The entries below must be transcribed exactly. Leave nothing out.

---

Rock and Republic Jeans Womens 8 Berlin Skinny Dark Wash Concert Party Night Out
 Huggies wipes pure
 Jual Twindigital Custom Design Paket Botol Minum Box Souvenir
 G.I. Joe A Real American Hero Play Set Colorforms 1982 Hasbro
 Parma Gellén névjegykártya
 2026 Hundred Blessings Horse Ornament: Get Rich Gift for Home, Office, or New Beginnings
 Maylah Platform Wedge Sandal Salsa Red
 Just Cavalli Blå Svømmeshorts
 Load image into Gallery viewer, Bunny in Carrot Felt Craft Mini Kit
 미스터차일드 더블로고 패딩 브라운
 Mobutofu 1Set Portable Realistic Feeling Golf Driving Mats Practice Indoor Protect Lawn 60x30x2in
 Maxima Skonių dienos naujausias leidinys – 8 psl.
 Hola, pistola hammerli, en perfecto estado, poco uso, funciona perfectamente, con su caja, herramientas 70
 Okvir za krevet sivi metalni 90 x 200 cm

---

* WRITTEN RESPONSE *
Rock and Republic Jeans Womens 8 Berlin Skinny Dark Wash Concert Party Night Out
 Huggies wipes pure
 Jual Twindigital Custom Design Paket Botol Minum Box Souvenir
 G.I. Joe A Real American Hero Play Set Colorforms 1982 Hasbro
 Parma Gellén névjegykártya
 2026 Hundred Blessings Horse Ornament: Get Rich Gift for Home, Office, or New Beginnings
 Maylah Platform Wedge Sandal Salsa Red
 Just Cavalli Blå Svømmeshorts
 Load image into Gallery viewer, Bunny in Carrot Felt Craft Mini Kit
 미스터차일드 더블로고 패딩 브라운
 Mobutofu 1Set Portable Realistic Feeling Golf Driving Mats Practice Indoor Protect Lawn 60x30x2in
 Maxima Skonių dienos naujausias leidinys – 8 psl.
 Hola, pistola hammerli, en perfecto estado, poco uso, funciona perfectamente, con su caja, herramientas 70
 Okvir za krevet sivi metalni 90 x 200 cm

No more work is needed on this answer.